President Claudia Sheinbaum published in the Official Gazette of the Federation (DOF) the decree that makes the reform to the second paragraph of article 19 of the Constitutionand which translates as an effort by the federal government to abate impunity in high impact crimes.
In this way, the constitutional reform comes into force that adds to the catalog of crimes that merit informal preventive detentionto those illicit acts such as extortion, trafficking in synthetic drugs.
It also applies in cases of smuggling and any activity related to false tax receipts from companies known as “invoicing companies.”
The reform establishes that a judge will be the one who orders informal preventive detention in cases of extortion and crimes provided for in the applicable laws committed by the illegal introduction and diversion, production, preparation, disposal, acquisition, import, export, transportation, storage and distribution of chemical precursors and essential chemicals, fentanyl and derivatives.

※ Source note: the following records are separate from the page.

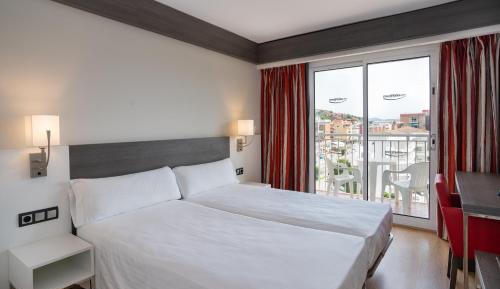 Twin Room with Balcony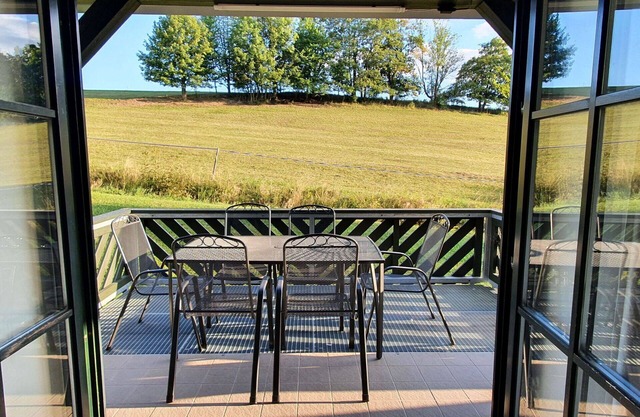 Stunning private villa for 8 people with pool, WIFI, TV and terrace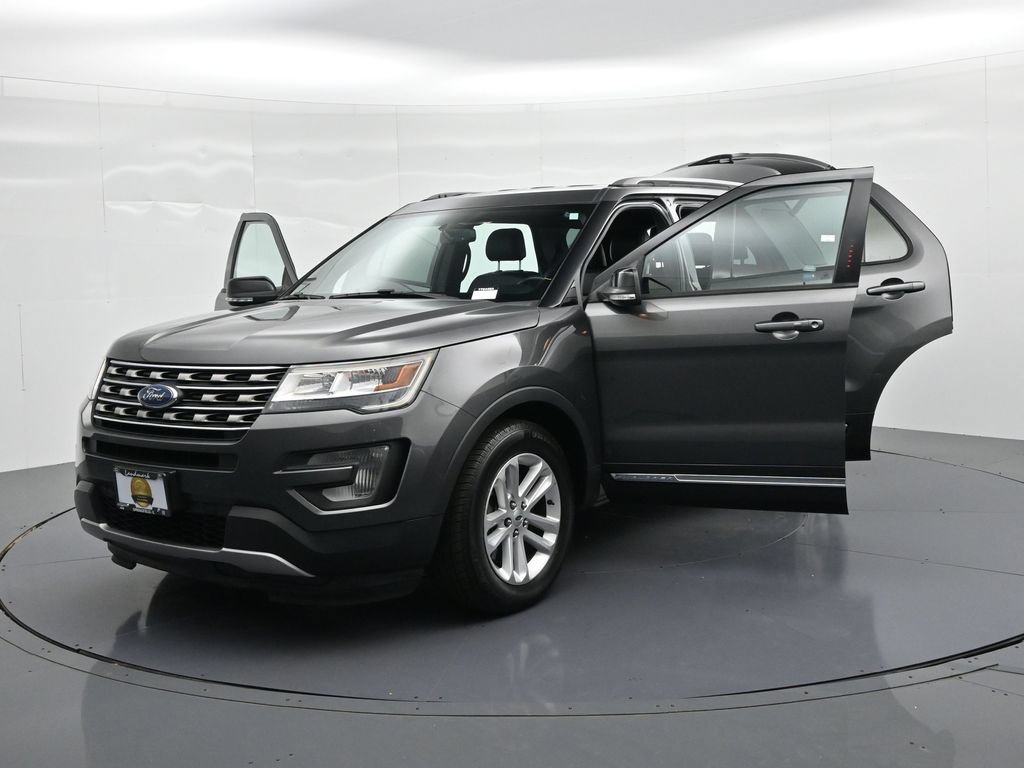 Used 2017 Ford Explorer XLT w/ Equipment Group 202A FWD image 26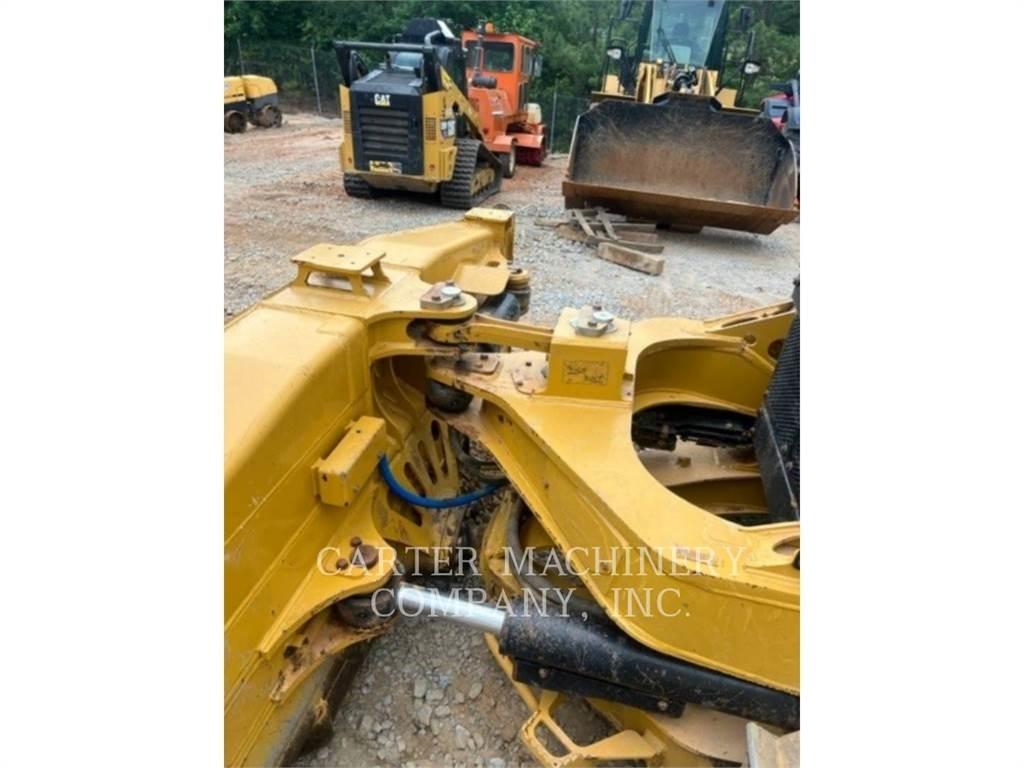 CAT D6 크롤러 도저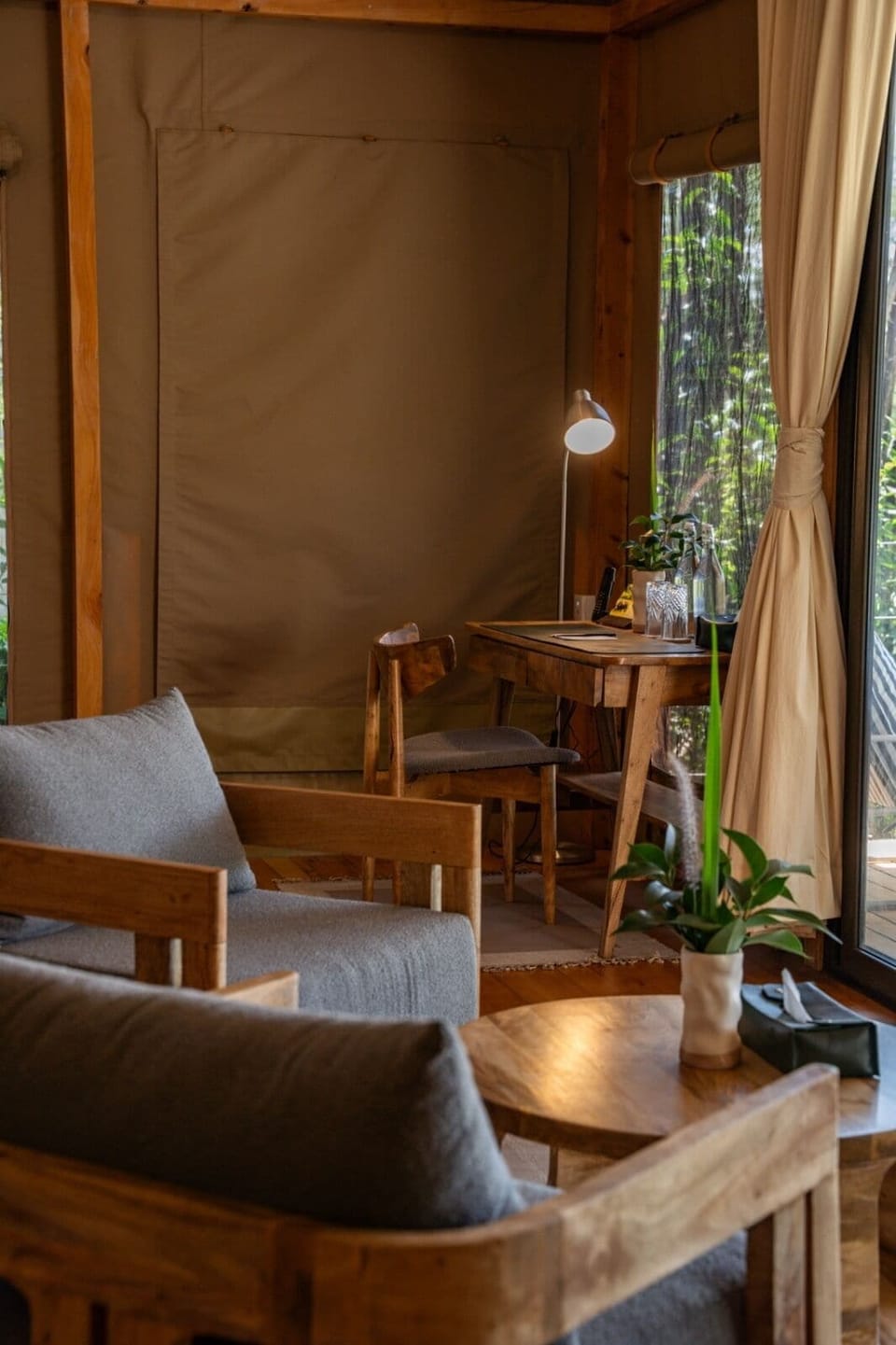 Luxury Double or Twin Room, River View | In-room dining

On December 4 and with the endorsement of 20 state Congresses, the Chamber of Deputies declared the constitutionality of this reform.
The congresses of Baja California, Campeche, Chiapas, Colima, Durango, Guerrero, Michoacán, Nayarit, Oaxaca, Quintana Roo, San Luis Potosí, Sinaloa, Sonora, Tabasco, Tamaulipas, Tlaxcala, Veracruz de Ignacio de la Llave, Yucatán, Zacatecas and of Mexico City were the first states to approve the initiative.